• INPUT FOR THIS TASK
((

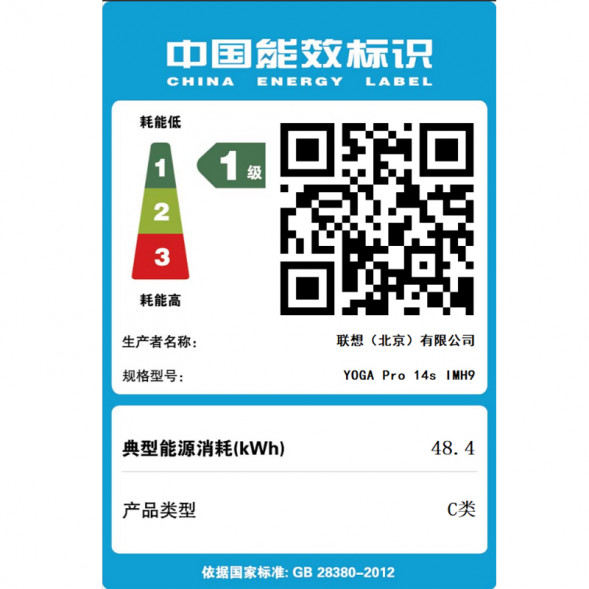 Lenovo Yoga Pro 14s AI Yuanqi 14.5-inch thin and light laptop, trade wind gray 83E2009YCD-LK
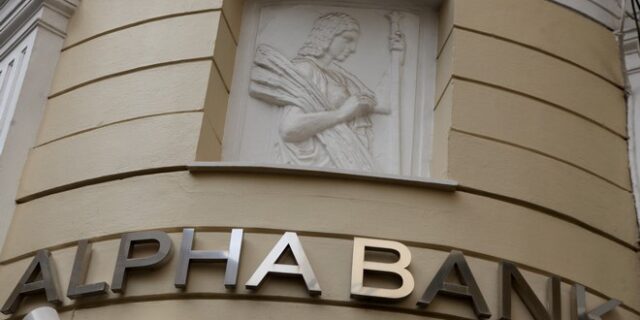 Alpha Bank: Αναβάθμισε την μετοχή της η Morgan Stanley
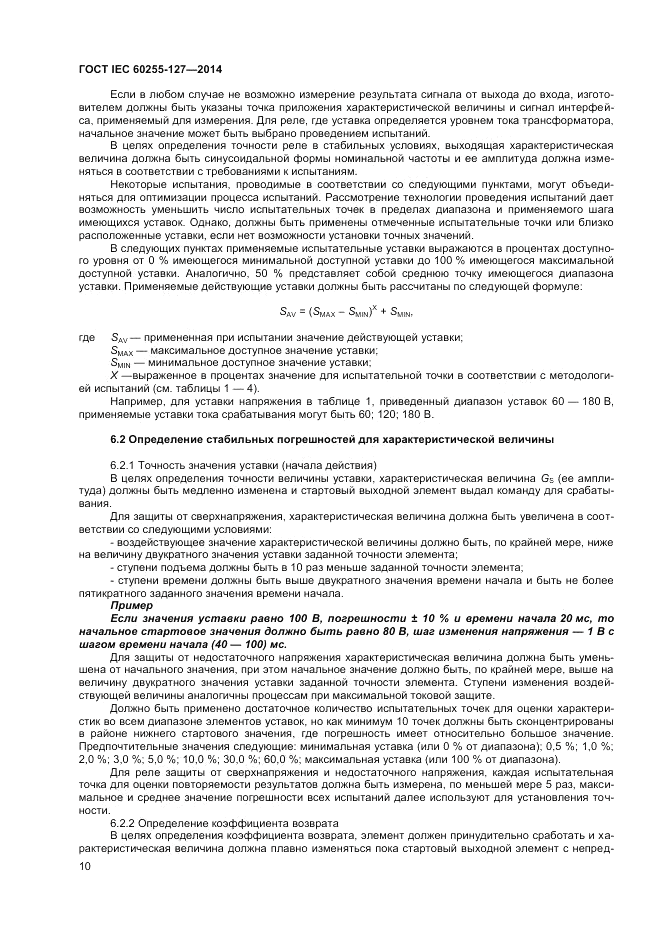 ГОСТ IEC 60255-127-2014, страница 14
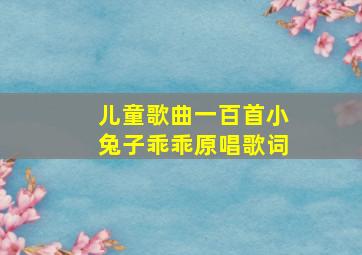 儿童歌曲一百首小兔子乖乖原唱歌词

))
((

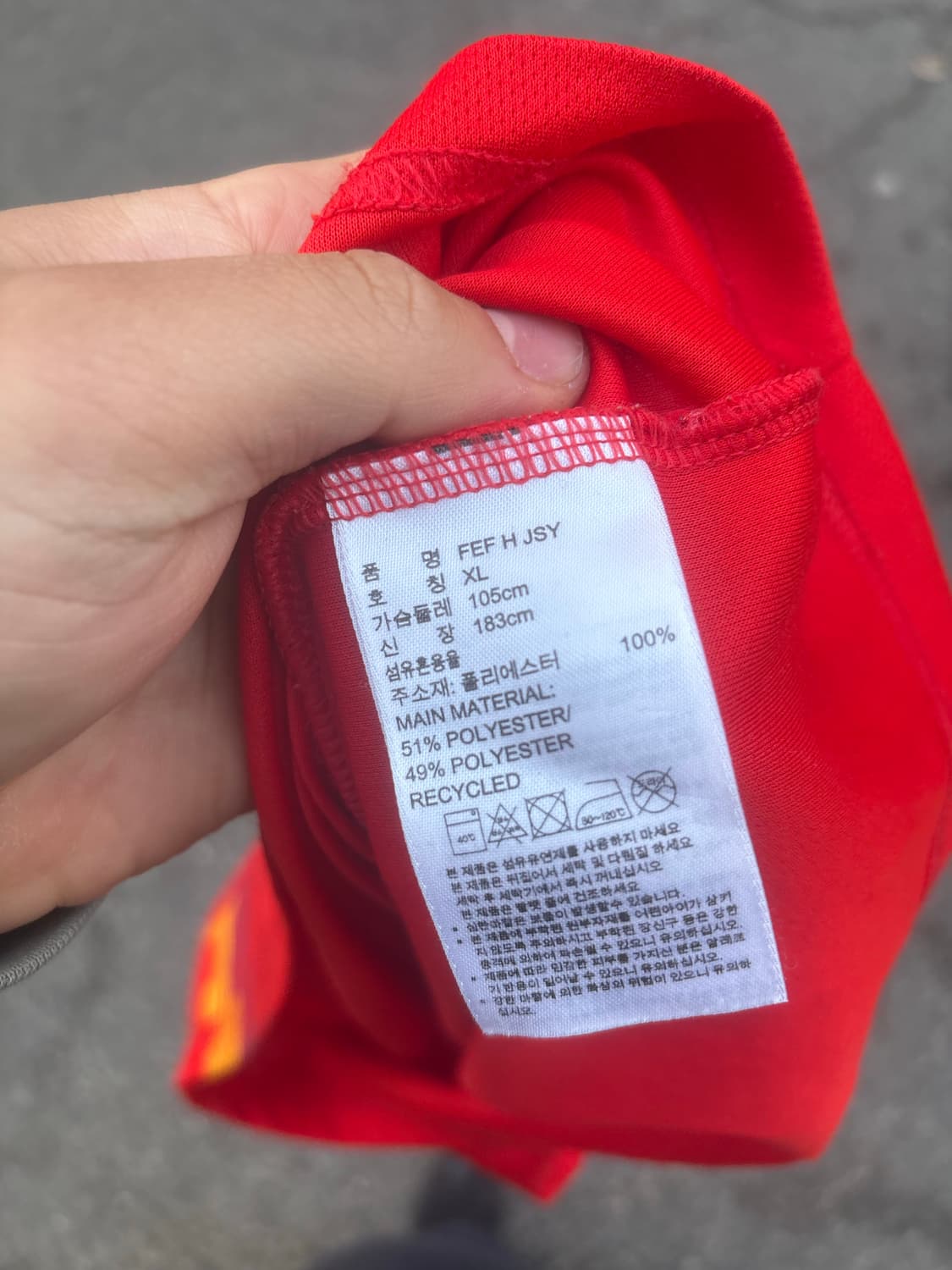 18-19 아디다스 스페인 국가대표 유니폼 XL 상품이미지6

))

Print exactly the lines above that run from the one with "Alpha Bank: Αναβάθμισε" down to the one with "儿童歌曲一百首小兔子乖乖原唱歌词", and omit the pictures.

 Alpha Bank: Αναβάθμισε την μετοχή της η Morgan Stanley
 ГОСТ IEC 60255-127-2014, страница 14
 儿童歌曲一百首小兔子乖乖原唱歌词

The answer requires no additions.